DIRECTIONS —
Once the pictures are set aside, repeat all of the data below exactly.
──────── THE DATA
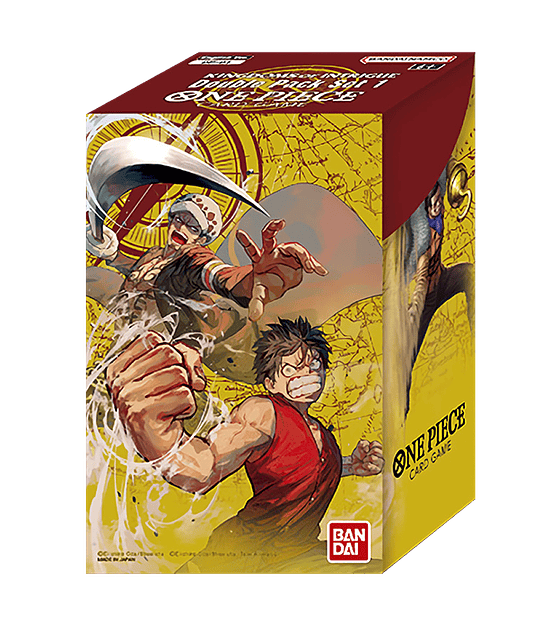 One Piece Card Game: Double Pack Set vol.1  [DP-01]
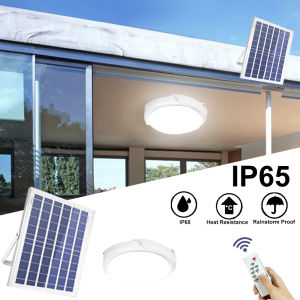 50W/150W/300W solar LED indoor ceiling Outdoor Solar light Waterproof Intelligent Remote Energy Saving Decor lighting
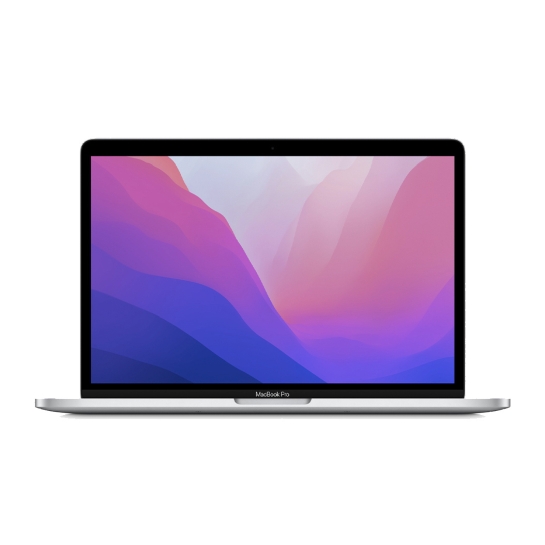 Б/У Ноутбук Apple MacBook Pro 13" M2 Chip 512GB/10GPU Silver 2022 (MNEQ3) (Ідеальний) - ціна, характеристики, відгуки, розстрочка, фото 2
────────────────
SOLUTION —
 One Piece Card Game: Double Pack Set vol.1  [DP-01]
 50W/150W/300W solar LED indoor ceiling Outdoor Solar light Waterproof Intelligent Remote Energy Saving Decor lighting
 Б/У Ноутбук Apple MacBook Pro 13" M2 Chip 512GB/10GPU Silver 2022 (MNEQ3) (Ідеальний) - ціна, характеристики, відгуки, розстрочка, фото 2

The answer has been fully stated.